De même, entrent dans les moyens consacrés à la recherche d’éléments existants et à leur rassemblement dans ladite base, à l’exclusion des moyens mis en oeuvre pour la création même d’éléments, aussi bien les frais engagés pour la maintenance de la base, que ceux engagés pour la constitution ou la réalisation de l’application, dans la mesure où ceux-ci incluent la définition des besoins, l’agencement des données et leur rassemblement dans la base.

S’agissant de l’extraction ou de la réutilisation d’une partie qualitativement ou quantitativement substantielle du contenu de la base de données, la notion de partie substantielle, évaluée de façon quantitative, du contenu de la base se réfère au volume de données extrait et/ou réutilisé de la base et doit être appréciée par rapport au volume du contenu total de celle-ci.

La notion de partie substantielle, évaluée de façon qualitative, du contenu de la base de données se réfère à l’importance de l’investissement lié à l’obtention, à la vérification ou à la présentation du contenu de l’objet de l’acte d’extraction et/ou de réutilisation, indépendamment du point de savoir si cet objet représente une partie quantitativement substantielle du contenu général de la base de données protégée.
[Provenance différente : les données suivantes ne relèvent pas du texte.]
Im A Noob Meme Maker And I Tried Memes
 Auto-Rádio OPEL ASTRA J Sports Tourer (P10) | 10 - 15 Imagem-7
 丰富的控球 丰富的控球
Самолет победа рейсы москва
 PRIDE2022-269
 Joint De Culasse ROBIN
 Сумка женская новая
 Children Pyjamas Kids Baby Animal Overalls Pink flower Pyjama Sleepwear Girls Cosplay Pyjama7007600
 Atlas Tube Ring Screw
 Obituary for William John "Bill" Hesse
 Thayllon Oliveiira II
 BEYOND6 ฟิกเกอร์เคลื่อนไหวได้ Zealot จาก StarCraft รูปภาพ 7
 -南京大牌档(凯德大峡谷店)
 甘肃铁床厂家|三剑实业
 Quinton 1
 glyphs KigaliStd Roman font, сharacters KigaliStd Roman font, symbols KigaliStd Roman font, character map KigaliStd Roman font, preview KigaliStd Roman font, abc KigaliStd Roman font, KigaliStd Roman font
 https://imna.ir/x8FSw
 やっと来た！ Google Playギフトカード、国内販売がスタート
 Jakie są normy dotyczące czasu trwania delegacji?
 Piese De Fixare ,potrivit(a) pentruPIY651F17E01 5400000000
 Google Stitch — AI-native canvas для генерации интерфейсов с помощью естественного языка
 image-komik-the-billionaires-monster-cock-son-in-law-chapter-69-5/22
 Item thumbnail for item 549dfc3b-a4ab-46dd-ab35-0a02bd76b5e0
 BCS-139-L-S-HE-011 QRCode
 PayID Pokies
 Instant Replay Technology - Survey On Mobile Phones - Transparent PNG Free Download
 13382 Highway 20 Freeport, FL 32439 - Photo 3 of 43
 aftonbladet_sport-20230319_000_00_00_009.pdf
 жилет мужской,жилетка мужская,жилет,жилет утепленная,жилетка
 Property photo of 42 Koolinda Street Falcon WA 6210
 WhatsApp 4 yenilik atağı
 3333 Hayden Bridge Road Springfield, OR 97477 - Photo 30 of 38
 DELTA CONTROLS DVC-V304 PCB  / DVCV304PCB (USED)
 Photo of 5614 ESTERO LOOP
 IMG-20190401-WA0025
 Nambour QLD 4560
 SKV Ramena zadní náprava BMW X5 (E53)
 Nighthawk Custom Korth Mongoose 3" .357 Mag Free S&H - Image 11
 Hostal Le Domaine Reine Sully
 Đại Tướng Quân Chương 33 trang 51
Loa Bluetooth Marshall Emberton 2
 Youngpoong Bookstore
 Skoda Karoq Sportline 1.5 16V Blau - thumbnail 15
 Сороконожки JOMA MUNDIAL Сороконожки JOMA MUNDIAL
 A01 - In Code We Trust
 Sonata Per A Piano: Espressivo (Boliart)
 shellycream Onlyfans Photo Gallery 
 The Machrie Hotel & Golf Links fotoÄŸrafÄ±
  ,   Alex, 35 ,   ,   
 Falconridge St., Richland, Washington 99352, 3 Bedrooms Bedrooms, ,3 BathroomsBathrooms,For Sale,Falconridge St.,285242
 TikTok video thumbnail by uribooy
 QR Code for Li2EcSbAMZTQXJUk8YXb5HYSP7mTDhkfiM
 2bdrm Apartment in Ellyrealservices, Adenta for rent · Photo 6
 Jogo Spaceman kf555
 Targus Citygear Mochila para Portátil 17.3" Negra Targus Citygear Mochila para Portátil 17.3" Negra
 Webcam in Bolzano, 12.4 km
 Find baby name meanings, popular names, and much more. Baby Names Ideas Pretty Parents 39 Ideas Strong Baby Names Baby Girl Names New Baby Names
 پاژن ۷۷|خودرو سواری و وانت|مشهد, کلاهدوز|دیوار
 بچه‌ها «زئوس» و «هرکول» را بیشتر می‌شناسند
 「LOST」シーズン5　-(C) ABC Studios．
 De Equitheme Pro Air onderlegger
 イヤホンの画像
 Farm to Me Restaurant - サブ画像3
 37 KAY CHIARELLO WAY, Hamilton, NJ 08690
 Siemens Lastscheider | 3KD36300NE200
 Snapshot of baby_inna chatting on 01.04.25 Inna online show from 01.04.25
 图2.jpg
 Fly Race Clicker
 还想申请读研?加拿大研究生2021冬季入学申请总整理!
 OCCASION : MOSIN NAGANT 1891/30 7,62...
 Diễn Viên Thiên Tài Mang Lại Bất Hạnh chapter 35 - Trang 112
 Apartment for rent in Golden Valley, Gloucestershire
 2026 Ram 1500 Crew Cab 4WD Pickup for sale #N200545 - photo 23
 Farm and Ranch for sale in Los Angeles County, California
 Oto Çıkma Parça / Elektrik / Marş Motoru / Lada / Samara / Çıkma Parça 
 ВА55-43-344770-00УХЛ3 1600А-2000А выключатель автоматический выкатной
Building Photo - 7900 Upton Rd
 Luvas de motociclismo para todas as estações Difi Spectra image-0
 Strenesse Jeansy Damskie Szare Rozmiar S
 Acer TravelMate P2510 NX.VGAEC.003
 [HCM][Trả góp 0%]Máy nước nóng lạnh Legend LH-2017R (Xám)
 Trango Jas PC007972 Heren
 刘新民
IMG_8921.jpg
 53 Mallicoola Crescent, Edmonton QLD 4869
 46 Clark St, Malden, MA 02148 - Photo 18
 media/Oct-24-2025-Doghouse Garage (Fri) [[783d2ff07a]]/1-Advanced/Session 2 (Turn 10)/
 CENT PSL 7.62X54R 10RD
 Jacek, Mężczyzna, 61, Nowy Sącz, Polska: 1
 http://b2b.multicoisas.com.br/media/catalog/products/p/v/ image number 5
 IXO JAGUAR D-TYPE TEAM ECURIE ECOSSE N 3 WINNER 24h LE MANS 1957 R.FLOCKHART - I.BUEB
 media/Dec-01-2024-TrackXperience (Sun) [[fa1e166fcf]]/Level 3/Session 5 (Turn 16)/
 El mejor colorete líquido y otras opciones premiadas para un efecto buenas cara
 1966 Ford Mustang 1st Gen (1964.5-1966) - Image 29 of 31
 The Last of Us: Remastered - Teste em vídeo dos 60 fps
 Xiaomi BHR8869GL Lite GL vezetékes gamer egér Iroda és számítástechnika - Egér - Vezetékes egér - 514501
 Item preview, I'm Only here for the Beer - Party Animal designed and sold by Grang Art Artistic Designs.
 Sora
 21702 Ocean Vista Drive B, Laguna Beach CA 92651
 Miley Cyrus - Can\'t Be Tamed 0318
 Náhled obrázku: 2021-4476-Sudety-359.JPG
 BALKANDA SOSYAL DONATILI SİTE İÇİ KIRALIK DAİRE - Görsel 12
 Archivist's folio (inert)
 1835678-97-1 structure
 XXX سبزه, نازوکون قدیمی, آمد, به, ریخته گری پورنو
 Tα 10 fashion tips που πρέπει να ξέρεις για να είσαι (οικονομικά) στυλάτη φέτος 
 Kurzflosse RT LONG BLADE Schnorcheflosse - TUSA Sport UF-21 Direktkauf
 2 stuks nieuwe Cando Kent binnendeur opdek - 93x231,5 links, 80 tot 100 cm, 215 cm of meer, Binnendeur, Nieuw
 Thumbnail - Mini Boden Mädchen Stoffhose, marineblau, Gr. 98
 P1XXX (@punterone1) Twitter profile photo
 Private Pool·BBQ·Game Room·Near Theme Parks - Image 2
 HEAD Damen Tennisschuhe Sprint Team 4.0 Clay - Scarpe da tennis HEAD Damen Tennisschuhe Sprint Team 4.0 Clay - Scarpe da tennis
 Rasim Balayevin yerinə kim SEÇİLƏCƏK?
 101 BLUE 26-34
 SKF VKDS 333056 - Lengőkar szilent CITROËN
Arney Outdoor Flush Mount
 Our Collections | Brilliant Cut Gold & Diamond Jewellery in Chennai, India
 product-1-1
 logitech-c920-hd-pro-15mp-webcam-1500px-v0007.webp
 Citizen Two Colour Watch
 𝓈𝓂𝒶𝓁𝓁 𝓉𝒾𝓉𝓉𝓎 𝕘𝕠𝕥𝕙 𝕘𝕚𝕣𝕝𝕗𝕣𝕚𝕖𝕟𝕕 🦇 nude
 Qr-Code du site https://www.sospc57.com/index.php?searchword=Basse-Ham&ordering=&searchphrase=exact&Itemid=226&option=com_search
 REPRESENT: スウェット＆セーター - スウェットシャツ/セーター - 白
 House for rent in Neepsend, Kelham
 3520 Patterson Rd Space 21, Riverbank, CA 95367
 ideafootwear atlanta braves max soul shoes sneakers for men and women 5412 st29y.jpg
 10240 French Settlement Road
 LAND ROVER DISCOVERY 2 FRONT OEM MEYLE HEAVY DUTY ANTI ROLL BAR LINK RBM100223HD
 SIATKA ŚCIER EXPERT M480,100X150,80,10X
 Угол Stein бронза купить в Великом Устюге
Contrefaçon du Bibendum Michelin

La contrefaçon du personnage Bibendum Michelin a été retenue.  La marque représente le personnage de bibendum, constitué de tores superposées les unes aux autres, de couleur blanche, séparées par un trait foncé. Il est rond de corps et de visage, il présente un air jovial, souriant, et une attitude dynamique, puisqu’il apparaît en train de courir. Le personnage qui figurait sur le site www.toptable.fr était en partie tronqué, toutefois, malgré des différences minimes, les juge ont considéré que le public appréhendera ces deux représentations comme concernant le même personnage.